## Exercise goal
Transcribe only the lines between the first line of the records and the line containing "Genesis G70 2021 2.0T Luxury", inclusive, exactly as written.

## Extracted entries

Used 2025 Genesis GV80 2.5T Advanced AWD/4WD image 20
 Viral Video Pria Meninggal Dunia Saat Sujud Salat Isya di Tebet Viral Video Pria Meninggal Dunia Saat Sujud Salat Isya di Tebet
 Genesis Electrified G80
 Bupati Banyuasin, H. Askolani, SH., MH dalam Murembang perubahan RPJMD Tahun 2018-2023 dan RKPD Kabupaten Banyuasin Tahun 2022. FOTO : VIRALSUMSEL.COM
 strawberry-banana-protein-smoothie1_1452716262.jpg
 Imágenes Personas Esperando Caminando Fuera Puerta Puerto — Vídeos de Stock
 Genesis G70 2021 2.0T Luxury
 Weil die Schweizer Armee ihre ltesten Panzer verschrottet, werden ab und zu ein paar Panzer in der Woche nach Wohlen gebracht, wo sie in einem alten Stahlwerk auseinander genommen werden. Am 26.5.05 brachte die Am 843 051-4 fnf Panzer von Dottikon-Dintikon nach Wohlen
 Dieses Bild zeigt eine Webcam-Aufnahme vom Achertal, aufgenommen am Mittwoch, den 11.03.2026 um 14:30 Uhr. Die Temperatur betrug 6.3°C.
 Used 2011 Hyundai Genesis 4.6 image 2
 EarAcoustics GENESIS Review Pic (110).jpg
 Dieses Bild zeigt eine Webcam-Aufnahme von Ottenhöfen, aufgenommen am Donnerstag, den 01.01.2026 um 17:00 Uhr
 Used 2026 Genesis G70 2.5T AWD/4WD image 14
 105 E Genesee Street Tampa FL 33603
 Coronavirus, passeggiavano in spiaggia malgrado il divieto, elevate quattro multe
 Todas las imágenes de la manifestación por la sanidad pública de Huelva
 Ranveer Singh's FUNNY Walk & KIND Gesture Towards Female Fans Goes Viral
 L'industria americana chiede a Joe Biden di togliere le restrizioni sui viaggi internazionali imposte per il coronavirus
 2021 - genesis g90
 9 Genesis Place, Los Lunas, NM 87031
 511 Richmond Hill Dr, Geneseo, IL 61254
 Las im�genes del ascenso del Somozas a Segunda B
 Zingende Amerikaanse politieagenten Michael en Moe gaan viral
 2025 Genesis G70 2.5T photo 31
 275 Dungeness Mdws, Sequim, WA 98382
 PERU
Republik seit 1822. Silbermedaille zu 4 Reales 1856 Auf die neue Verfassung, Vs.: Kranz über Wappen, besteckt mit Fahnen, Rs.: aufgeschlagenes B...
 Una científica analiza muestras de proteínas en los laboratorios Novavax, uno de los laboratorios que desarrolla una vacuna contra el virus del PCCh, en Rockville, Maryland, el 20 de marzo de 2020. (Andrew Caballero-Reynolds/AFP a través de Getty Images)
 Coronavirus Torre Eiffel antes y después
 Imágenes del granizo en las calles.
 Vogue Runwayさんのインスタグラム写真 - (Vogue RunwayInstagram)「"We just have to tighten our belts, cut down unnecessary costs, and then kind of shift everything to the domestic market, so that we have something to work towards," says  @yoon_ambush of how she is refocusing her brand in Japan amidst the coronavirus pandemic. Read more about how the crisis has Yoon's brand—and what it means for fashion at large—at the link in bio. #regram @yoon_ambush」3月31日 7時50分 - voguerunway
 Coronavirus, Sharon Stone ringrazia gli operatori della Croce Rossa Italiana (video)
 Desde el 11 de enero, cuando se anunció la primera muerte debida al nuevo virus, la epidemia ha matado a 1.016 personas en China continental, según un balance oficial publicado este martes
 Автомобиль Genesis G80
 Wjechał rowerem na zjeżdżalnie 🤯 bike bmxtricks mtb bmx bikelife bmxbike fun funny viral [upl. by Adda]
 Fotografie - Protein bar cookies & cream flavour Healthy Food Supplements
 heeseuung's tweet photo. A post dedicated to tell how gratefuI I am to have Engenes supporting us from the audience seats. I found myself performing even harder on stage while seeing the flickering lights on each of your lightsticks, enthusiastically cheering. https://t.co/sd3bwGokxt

## Answer section
Used 2025 Genesis GV80 2.5T Advanced AWD/4WD image 20
 Viral Video Pria Meninggal Dunia Saat Sujud Salat Isya di Tebet Viral Video Pria Meninggal Dunia Saat Sujud Salat Isya di Tebet
 Genesis Electrified G80
 Bupati Banyuasin, H. Askolani, SH., MH dalam Murembang perubahan RPJMD Tahun 2018-2023 dan RKPD Kabupaten Banyuasin Tahun 2022. FOTO : VIRALSUMSEL.COM
 strawberry-banana-protein-smoothie1_1452716262.jpg
 Imágenes Personas Esperando Caminando Fuera Puerta Puerto — Vídeos de Stock
 Genesis G70 2021 2.0T Luxury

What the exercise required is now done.